◆ YOUR TASK ◆
Set down a faithful copy of every record, and skip the pictures in it.
>>>>
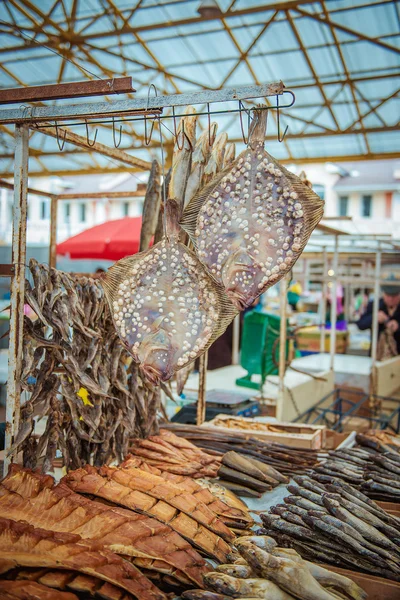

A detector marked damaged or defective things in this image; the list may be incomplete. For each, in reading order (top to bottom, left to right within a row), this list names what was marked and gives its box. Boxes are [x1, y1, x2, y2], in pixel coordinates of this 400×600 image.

rusty metal pole [3, 124, 28, 476]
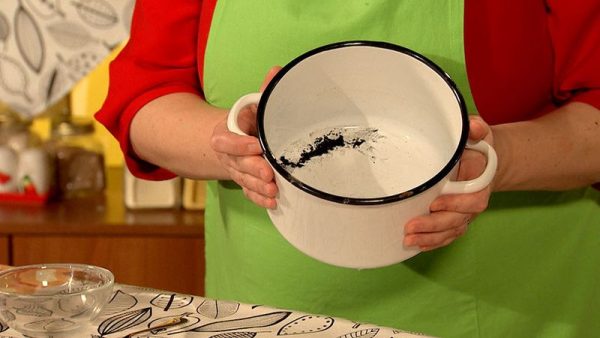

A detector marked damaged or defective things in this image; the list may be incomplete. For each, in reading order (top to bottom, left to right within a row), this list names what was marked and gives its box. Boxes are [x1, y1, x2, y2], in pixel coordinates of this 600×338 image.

damaged enamel pot [229, 41, 496, 270]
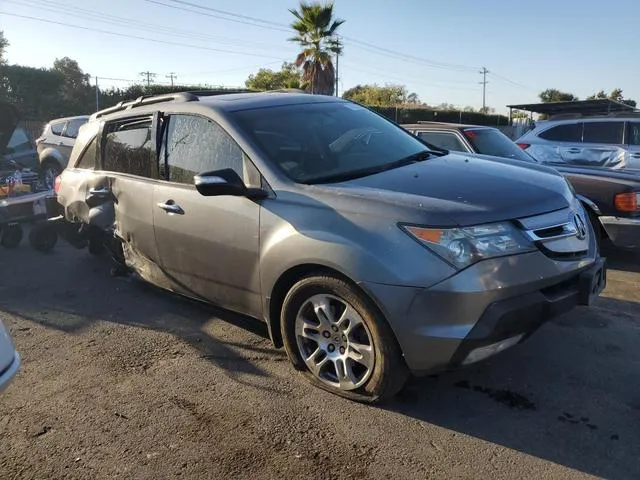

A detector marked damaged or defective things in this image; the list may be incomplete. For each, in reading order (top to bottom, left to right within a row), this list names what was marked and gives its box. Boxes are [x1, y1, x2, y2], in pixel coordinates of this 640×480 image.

damaged silver suv [53, 93, 604, 402]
<<<<
◆ OUTPUT OF THE TASK ◆
A detector marked damaged or defective things in this image; the list may be incomplete. For each, in reading order (top to bottom, left to right within a row), this list names what was marked and gives its box. Boxes are [x1, y1, x2, y2], in pixel coordinates of this 400×600 image.

rusty metal pole [3, 124, 28, 476]

A detector marked damaged or defective things in this image; the list may be incomplete. For each, in reading order (top to bottom, left to right within a row), this list names what was marked and gives its box. Boxes are [x1, y1, x2, y2], in pixel coordinates of this 600×338 image.

damaged enamel pot [229, 41, 496, 270]

A detector marked damaged or defective things in this image; the list may be incomplete. For each, in reading order (top to bottom, left to right within a row), this list names what was marked and gives its box. Boxes are [x1, y1, x2, y2], in pixel coordinates of this 640×480 image.

damaged silver suv [53, 93, 604, 402]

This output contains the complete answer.